#### ABOUT THIS TASK
Set down each entry as it stands. Skip the pictures.

#### RECORDS TO USE
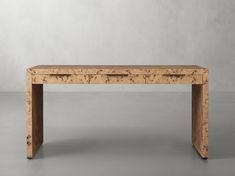 a wooden table sitting on top of a gray floor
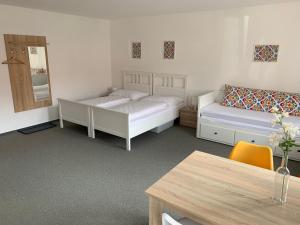 En eller flere senger på et rom på Mikulov Inn - Apartments Slunce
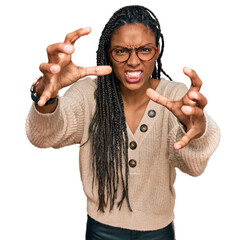 African american woman wearing casual clothes shouting frustrated with rage, hands trying to...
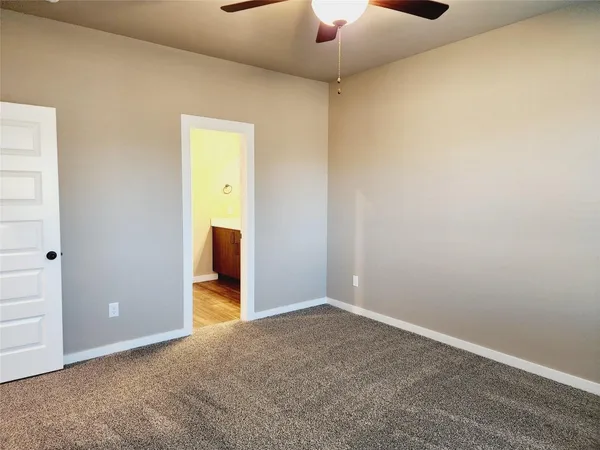 an empty room with closet and a chandelier fan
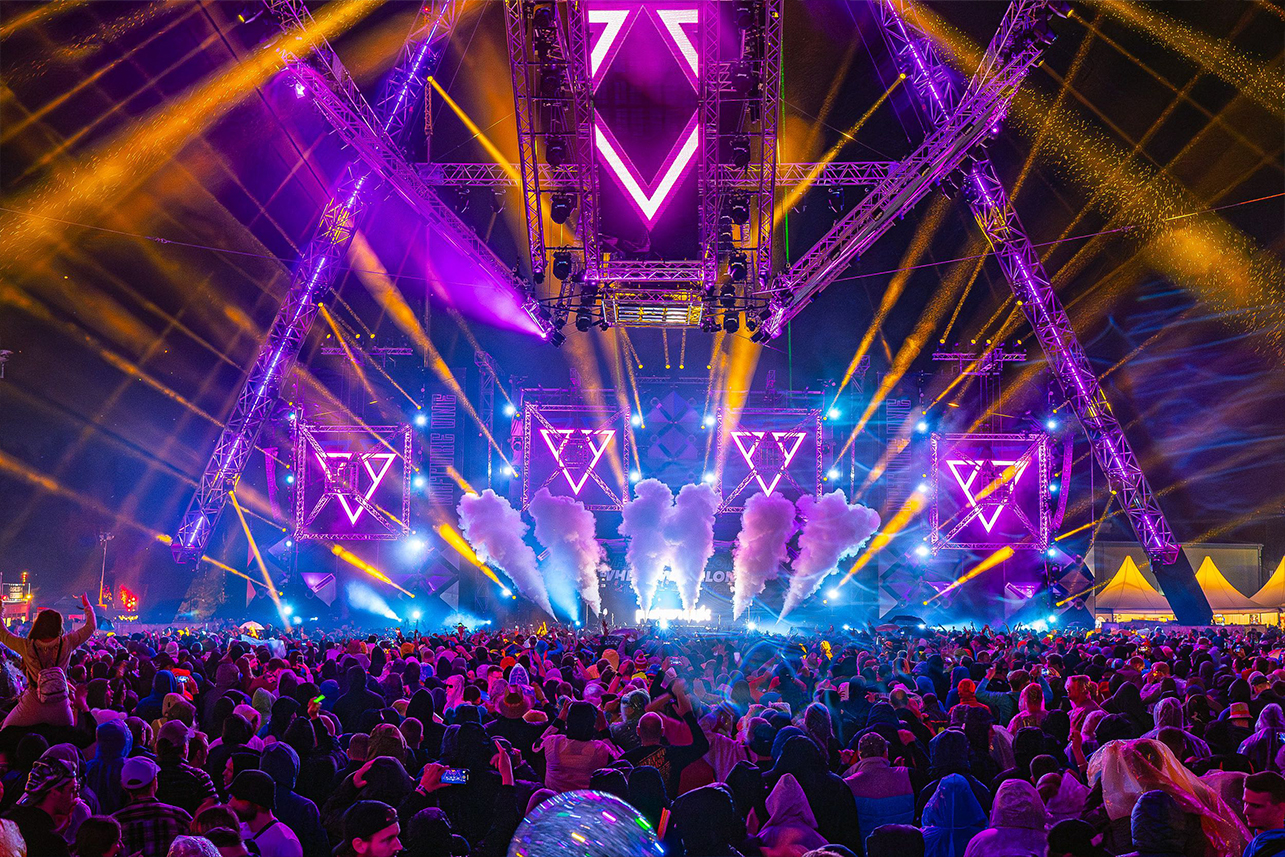 Ein pulsierendes Musikfestival am Abend mit einer großen Menschenmenge, bunten Lichtern, Raucheffekten und geometrischen Lichtspielen auf der Bühne unter einem Metallgerüst. Das Publikum blickt zur Bühne und genießt die energiegeladene Atmosphäre.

#### RESPONSE TO THIS TASK
 a wooden table sitting on top of a gray floor
 En eller flere senger på et rom på Mikulov Inn - Apartments Slunce
 African american woman wearing casual clothes shouting frustrated with rage, hands trying to...
 an empty room with closet and a chandelier fan
 Ein pulsierendes Musikfestival am Abend mit einer großen Menschenmenge, bunten Lichtern, Raucheffekten und geometrischen Lichtspielen auf der Bühne unter einem Metallgerüst. Das Publikum blickt zur Bühne und genießt die energiegeladene Atmosphäre.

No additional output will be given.